The Senate passed a short-term patch to keep the Highway Trust Fund solvent until December 19, in effect setting up a vote this year on a long-term highway program. The $8 billion bill now goes to the House, which must act quickly if Congress is to keep the fund from going over the precipice.

File photo.

The Senate passed a short-term patch to keep the Highway Trust Fund solvent until December 19, in effect setting up a vote this year on a long-term highway program.
The $8 billion bill now goes to the House, which must act quickly if Congress is to keep the fund from going over the precipice.
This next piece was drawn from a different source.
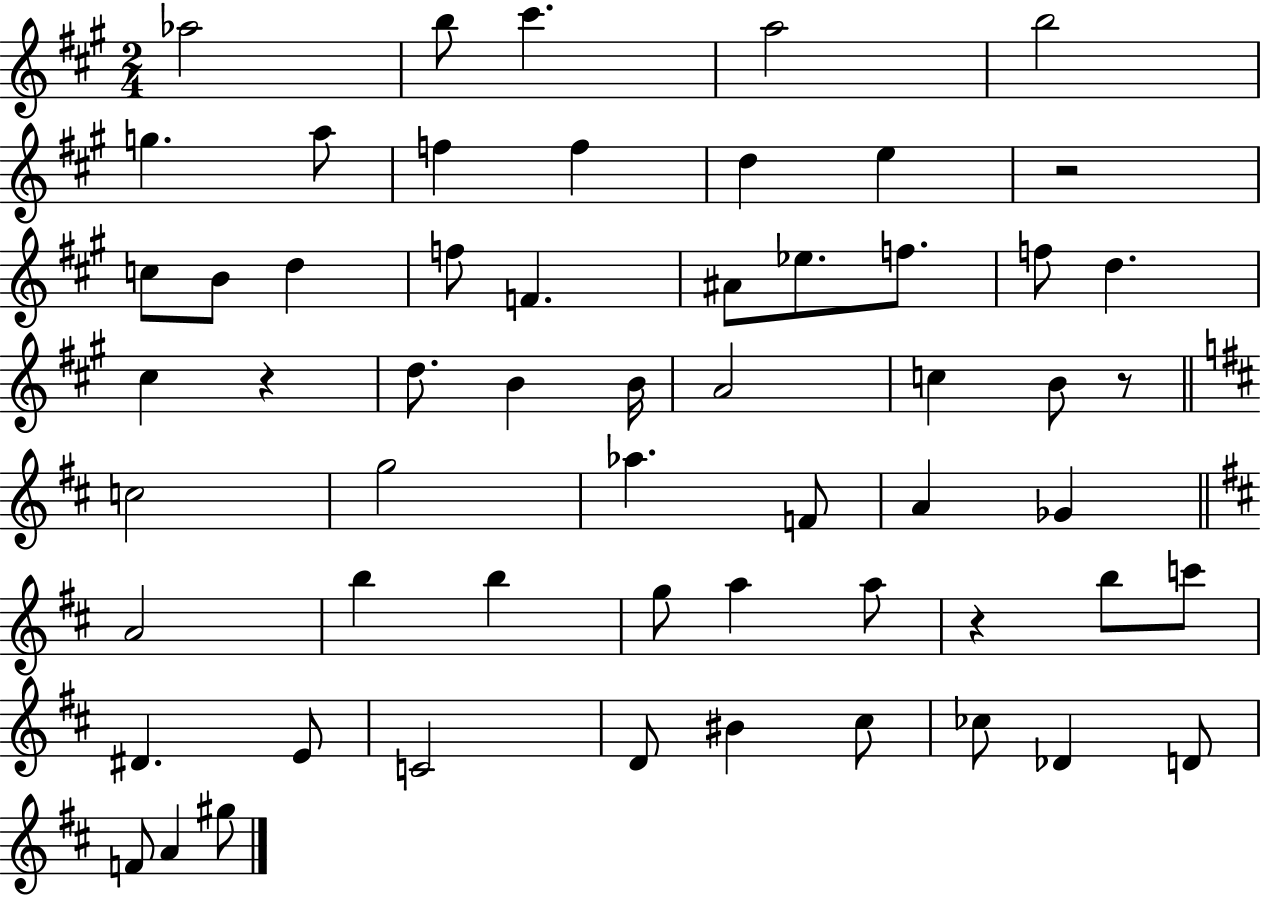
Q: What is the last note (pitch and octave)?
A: G#5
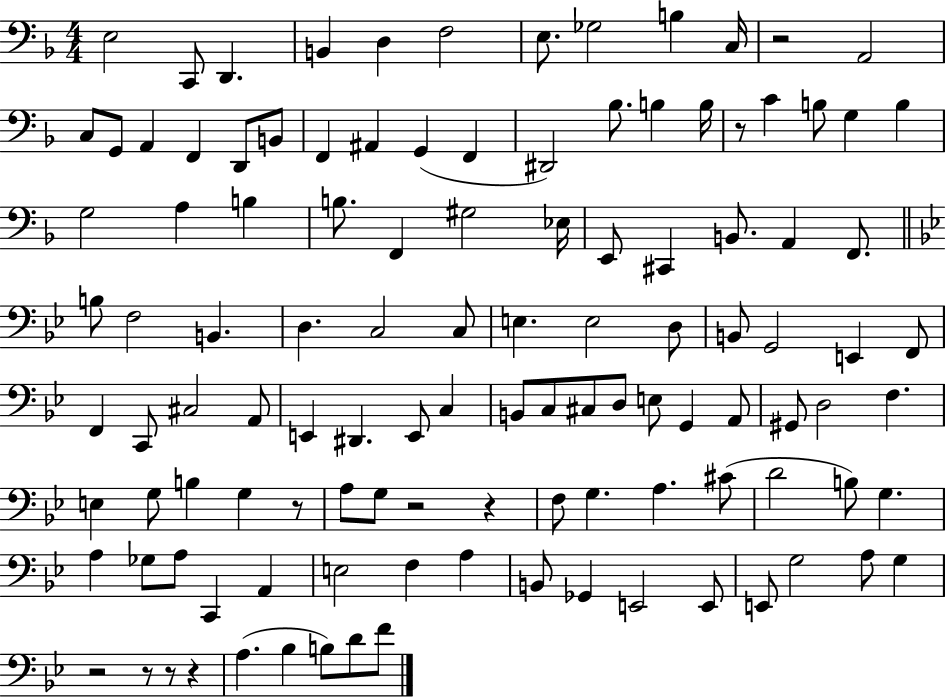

Unless a patch is signed into law before August 1, the Department of Transportation will be forced to cut reimbursements to states for highway projects that are planned and under way. Thousand of projects and hundreds of thousands of jobs are at stake.
Speaker John Boehner has said the House will move quickly, Sen. Bob Corker, R-Tenn., reported.
In the same Tuesday session, the Senate rejected an amendment by Sen. Mike Lee, R-Utah, that would have gradually reduced federal fuel taxes and devolved highway funding responsibility to the states.
It also rejected a bid by Sen. Pat Toomey, R-Pa., to accelerate highway repairs by cutting environmental and permitting requirements.
The session began with a 71-26 vote in favor of a bill passed by the Senate Finance Committee that would have patched the Highway Trust Fund through next May.
This bill was based on a measure already passed by the House, but changed some provisions of that proposal. Both bills had the same funding, $10.6 billion, and set May as the end of the funding period. The Senate version, however, reduced the amount of funding that would be covered by so-called “pension smoothing.”
“Smoothing” refers to a temporary lowering of pension funding requirements to increase business profits. Those presumed profits are taxed, producing a presumed increase in government revenue.
The House bill overused “smoothing,” said Sen. Ron Wyden, D-Ore., chair of the Senate Finance Committee and co-author with Sen. Orrin Hatch, R-Utah, of the Senate bill.
But in the end, the Senate decided to dispense with “smoothing” altogether.
By a 66-31 vote it passed the $8 billion December patch pushed by Sens. Corker, Barbara Boxer, D-Calif., and Tom Carper, D-Del. It contains no “smoothing” money, relying instead on transfers from the general fund and from the Leaking Underground Storage Tank Trust Fund, among other sources.
“Smoothing is a total gimmick that loses money,” said Corker in a passionate speech that Boxer described as the “most honest” she has heard on the Senate floor.
“It’s an embarrassment that the Senate has not come together to pass a long-term solution (to highway funding),” Corker said.
The bill will force the Senate to act responsibly before year-end, he said.
“When people say they just don’t think we can find a solution – you gotta be kidding me!” he said.
Lee described his amendment to devolve funding to the states as a “new approach” to get around the “centralized bureaucratic status quo.”
Boxer replied that he was proposing “the complete and utter destruction of a system that the states support.”
His amendment failed 69 – 28.
The overall bill passed by a wide margin: 79 – 18.
Reaction from the industry was quick and positive.
American Trucking Associations President and CEO Bill Graves said the short-term patch is the best way to get to a long-term highway bill. “The Senate has put Congress on a path to solving these issues this year,” he said in a statement.
“We urge the House to follow suit and to pass the Senate’s Highway Trust Fund fix and then get on to the work of passing a long-term highway bill when Congress returns from recess.”